§ **Exercise instructions**
Before you return the lines below, strip out any images and keep every word as written.

§ **Given information**
####################

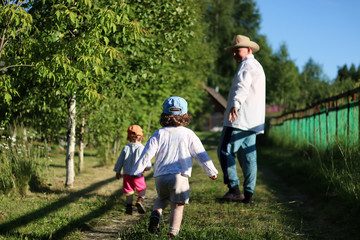 two kids walk grandfather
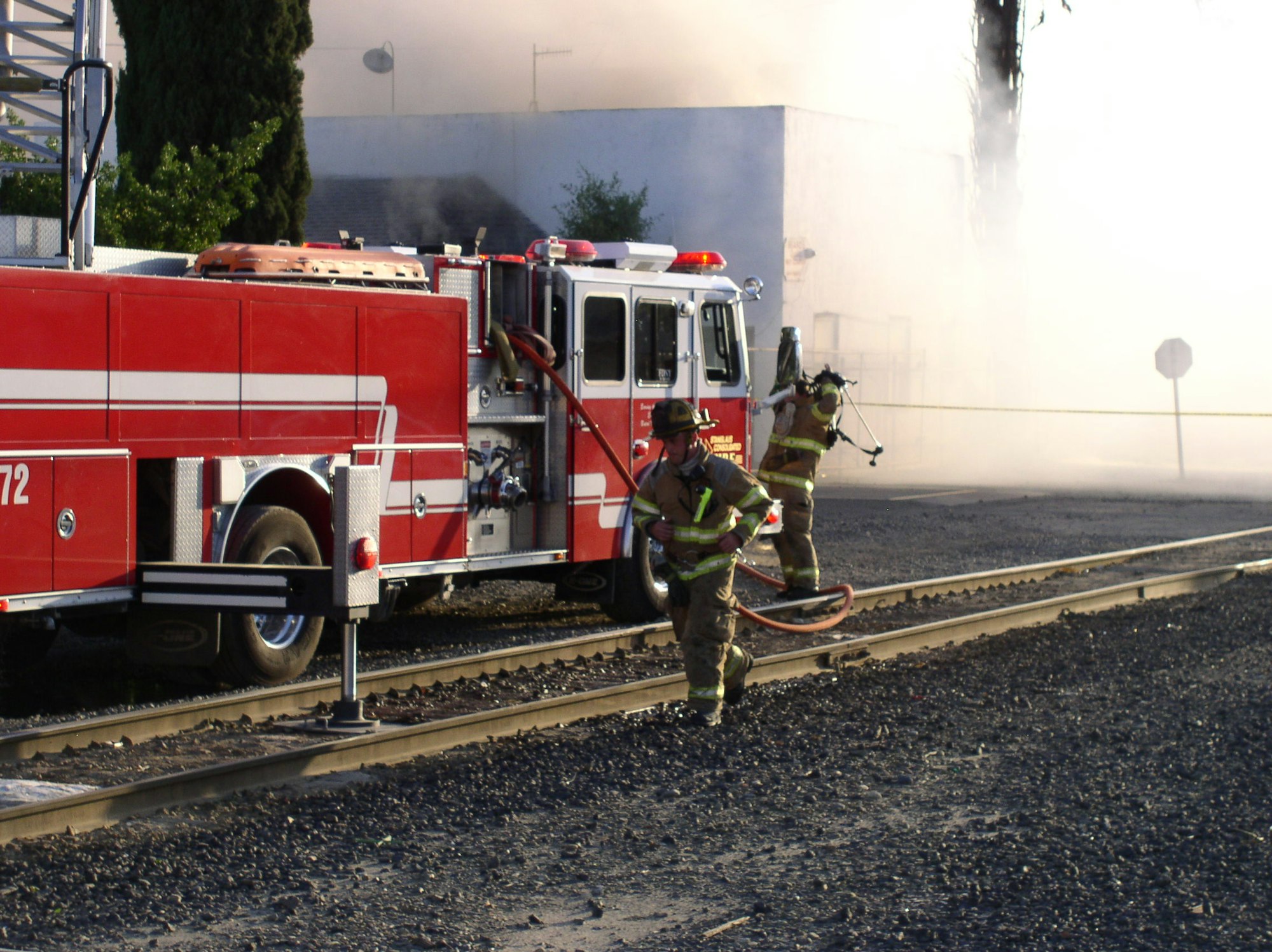 Firefighters with hose near fire truck, smoke billowing from building, near train tracks.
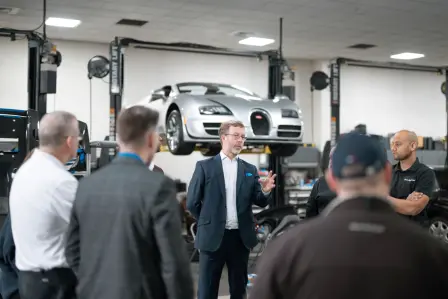 Trevor Hodgson-Phillips, Global After Sales Business Manager at Bugatti, congratulates the Bugatti Greenwich team.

####################

§ **Expected answer**
 two kids walk grandfather
 Firefighters with hose near fire truck, smoke billowing from building, near train tracks.
 Trevor Hodgson-Phillips, Global After Sales Business Manager at Bugatti, congratulates the Bugatti Greenwich team.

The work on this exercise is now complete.